Saturday, July 30, 2005

Dreams come true... stages. The proofs and cover design of my book have turned up. The book will be 375 pages. The cover is perfect. I'm bowled over, because I have very little design imagination - when asked whether I had any ideas about how I wanted the jacket to look, all I could come up with was 'for goodness' sake, no lemon yellow, shocking pink, lime green or champagne glasses'! Now someone in that company, somehow, has come up with an image that is strong and simple and that says what needs to be said. The photo, font and entire style is very classy but entirely immediate. I can't quite believe how thrilled I am with it - yet have a seriously odd sensation that I always knew in some strange corner of the brain that my first novel was going to look like this. How? no idea.

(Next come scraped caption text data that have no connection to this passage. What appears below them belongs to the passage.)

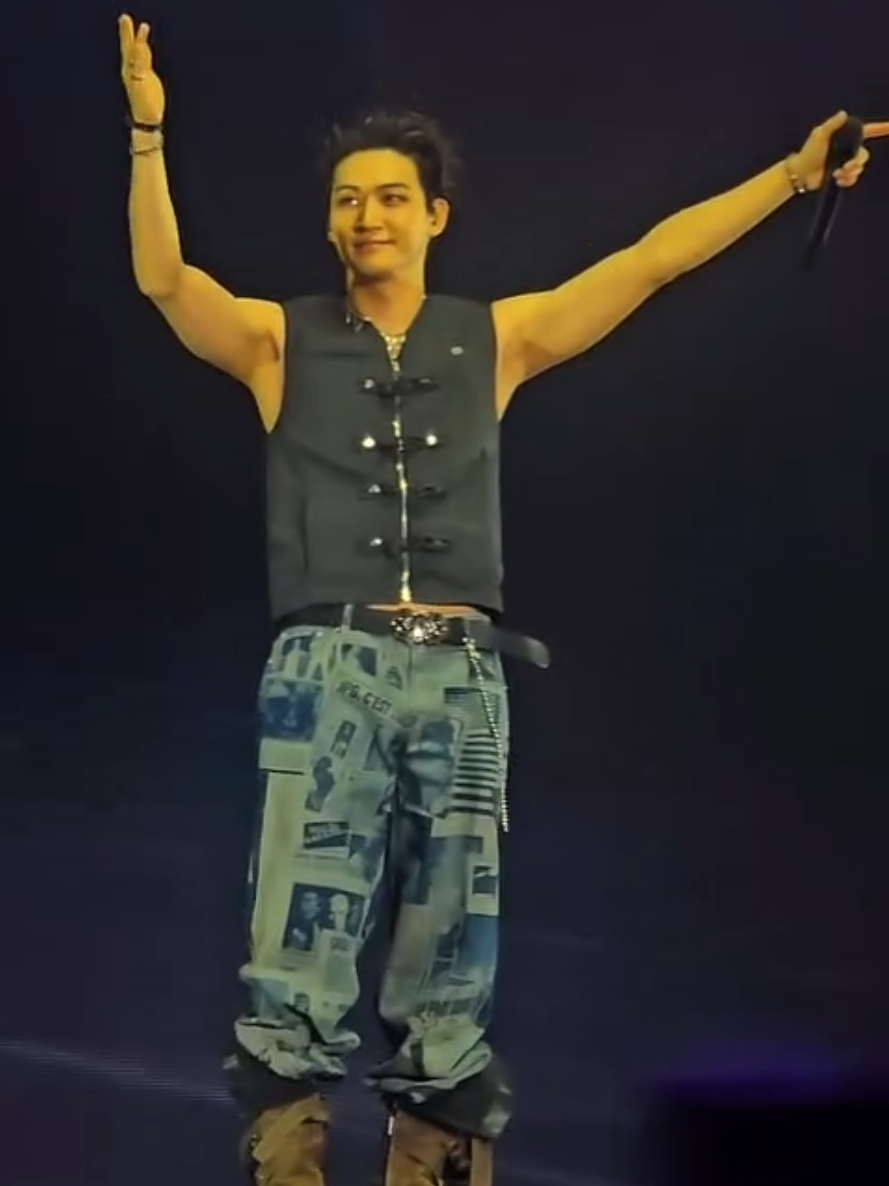 @เบบี๋(JB&OY)คนชิค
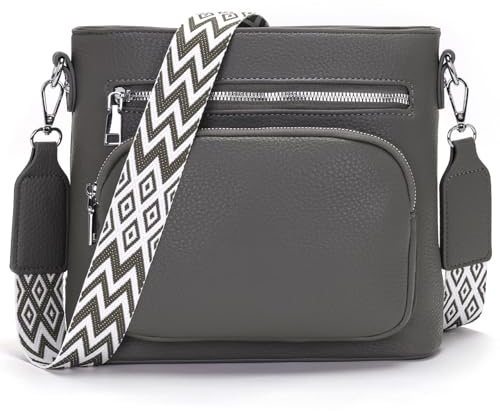 Snmoec sac a main femme sac bandoulière femme sac cartable femme sac à main femme bandoulière bandoulière sac sac a main femme noir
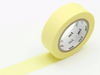 Masking Tape uni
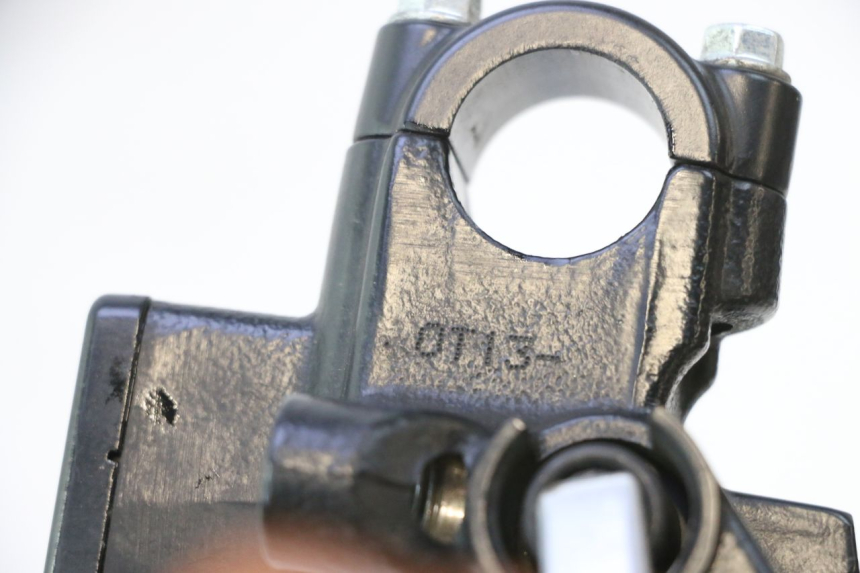 photo de BREMSPUMPE HINTEN HONDA FORZA 125 (2021 - 2025) - Alternative Perspektive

Please excuse me for a couple of days while I go off to France.

Friday, July 29, 2005

Mountain excitement

Verbier tent
Originally uploaded by Duchenj.

Back from Verbier. Here's a picture of the scene outside the concert tent the other night. The tent in the picture is the Cafe Schubert, where lectures and pre-concert talks are held. It's quite some setting for music...

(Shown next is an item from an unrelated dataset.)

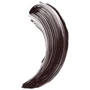 Maybelline New York Colossal Go Extreme Black Тушь для ресниц 9,5ml: Назначение туши Обьемная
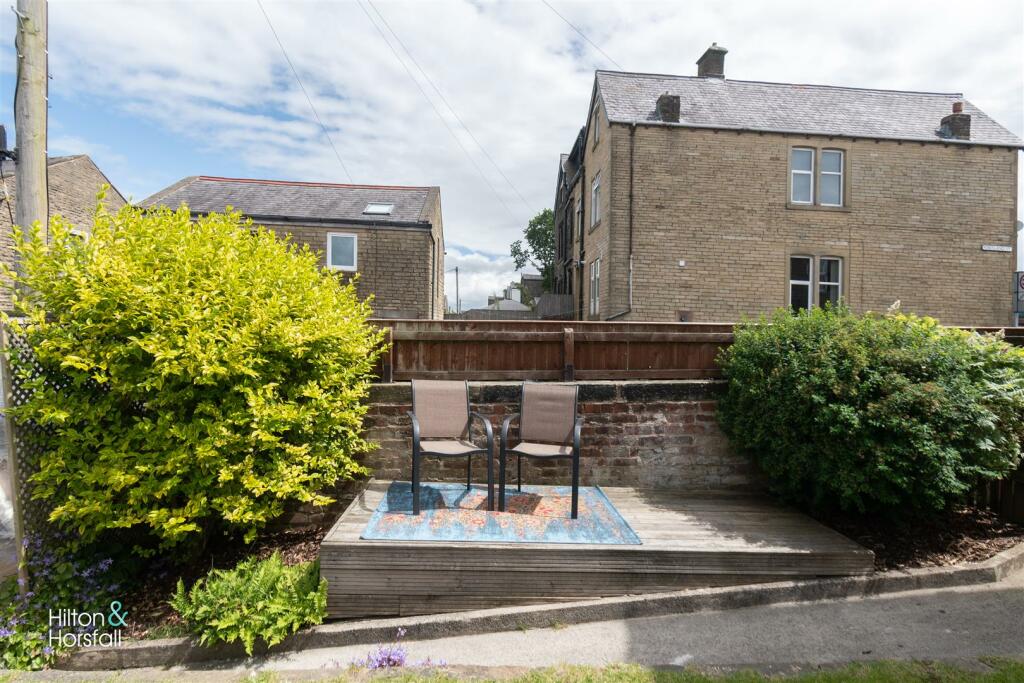 Additional image 27 of Keighley Road, Colne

The quality of the performances was, as usual absolutely incredible (with one scarey exception). The highlights of our all-too-brief stay were Leonidas Kavakos, Mischa Maisky and Elena Bashkirova playing the Schubert B flat Trio; and Thomas Quasthoff, accompanied by Evgeny Kissin, singing a selection of dark-hued Schubert with a power and empathy that were positively spine-chilling.

During less than 48 hours we experienced all of this and much more. Cello masterclass with Ralph Kirshbaum, lunch & interview with the fabulous Kavakos (stopping on way into street cafe to say hi to Vengerov a few tables away), mountain cable car & glorious walk, amazing concert with Mozart played by Michala Petri, Janine Jansen, Julian Rachlin & various others, a scrumptious fondue, the Quastoff/Kissin gig and the most extraordinary party I've ever been to...

The only upset was a cellist called Alexander Knaizev, who - despite having Kissin as his pianist - gave the most horrible performance of sonatas by Franck and Shostakovich. I disgraced myself by getting the giggles, but I don't think I was the only one. Half the audience loved it; many others fled the moment the Franck was finished. I hung on for the Shostakovich in case it improved, but it didn't.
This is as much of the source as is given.